BATU BARA — Kondisi bangunan Kubah Datuk Batu Bara yang berada di Desa Kuala Gunung, Kecamatan Datuk Lima Puluh, Kabupaten Batu Bara, Sumatera Utara, kini mulai memprihatinkan. Bangunan yang selama ini menjadi tempat beristirahat sekaligus salah satu fasilitas bagi para peziarah makam leluhur tersebut terlihat mulai mengalami kerusakan dan kurang terawat.
Kondisi tersebut dikhawatirkan dapat mengancam keberadaan salah satu situs yang memiliki nilai sejarah dan budaya bagi masyarakat Batu Bara. Jika tidak mendapat perhatian dan upaya pelestarian, keberadaan peninggalan sejarah yang berkaitan dengan para tokoh dan keturunan Kedatukan Batu Bara itu dikhawatirkan semakin terabaikan.
Kubah Datuk Batu Bara diketahui masih kerap dikunjungi masyarakat dan para peziarah.
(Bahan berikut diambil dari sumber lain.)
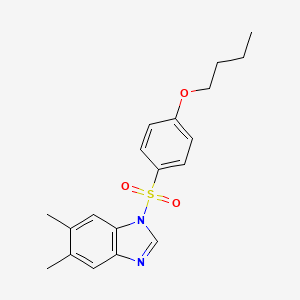 molecular formula C19H22N2O3S B5181234 1-[(4-butoxyphenyl)sulfonyl]-5,6-dimethyl-1H-benzimidazole 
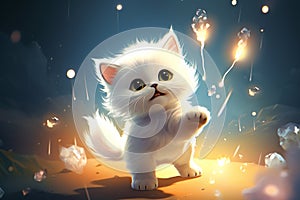 White cat sitting on the sand with a burning candle in the sky. Generative AI.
Namun, seiring berjalannya waktu, kondisi fisik bangunan maupun sejumlah fasilitas pendukung di kawasan tersebut disebut tidak lagi terpelihara sebagaimana sebelumnya.
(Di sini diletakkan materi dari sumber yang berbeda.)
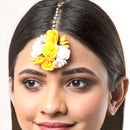 Gold Plated Floral Yellow And White Gotta Patti Maang Tikka  (Mehandi,Haldi,Bridal,Baby Shower)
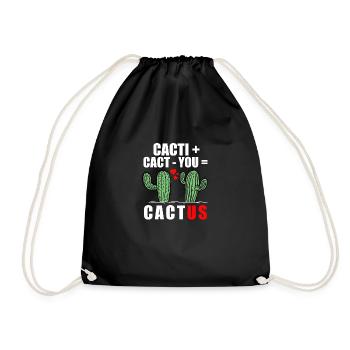 Funny Cactus Cact us Love Couples Love Gift - Drawstring Bag - black - Front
Berdasarkan informasi yang dihimpun, dalam beberapa tahun terakhir sejumlah fasilitas di kawasan Kubah Datuk Batu Bara, termasuk penerangan dan sarana air untuk kebutuhan para peziarah, pernah mendapat perhatian dan dukungan dari salah seorang keturunan Kedatukan Batu Bara yang berdomisili di Malaysia.
Sosok yang sempat memberi perhatian terhadap bangunan kubah maupun makam disebut bernama YM Dato’ Paduka Sri Mohd Zaki, konon katanya sebagai waris atau keturunan kelima dari Raja Akas yang saat ini berdomisili di Lot 6872, Jalan Taiping, Kampong Panchor, 34900 Pantai Remis, Semenanjung Perak, Malaysia.
Mohd Zaki mengaku prihatin setelah mengetahui kondisi bangunan Kubah Datuk Batu Bara yang sebelumnya sempat mendapat perhatian dan perawatan kini mulai mengalami kerusakan.
Menurutnya, upaya menjaga situs bersejarah tidak semestinya hanya dibebankan kepada individu maupun keluarga keturunan Kedatukan. Pemerintah daerah, pemangku adat dan masyarakat juga memiliki peran penting dalam menjaga keberadaan peninggalan sejarah tersebut.
“Setelah mendapat kabar bahwa bangunan yang sempat saya rawat dan menjadi perhatian saya kini mulai rusak dan tidak terurus, tentu saya sangat prihatin,” ujar Mohd Zaki.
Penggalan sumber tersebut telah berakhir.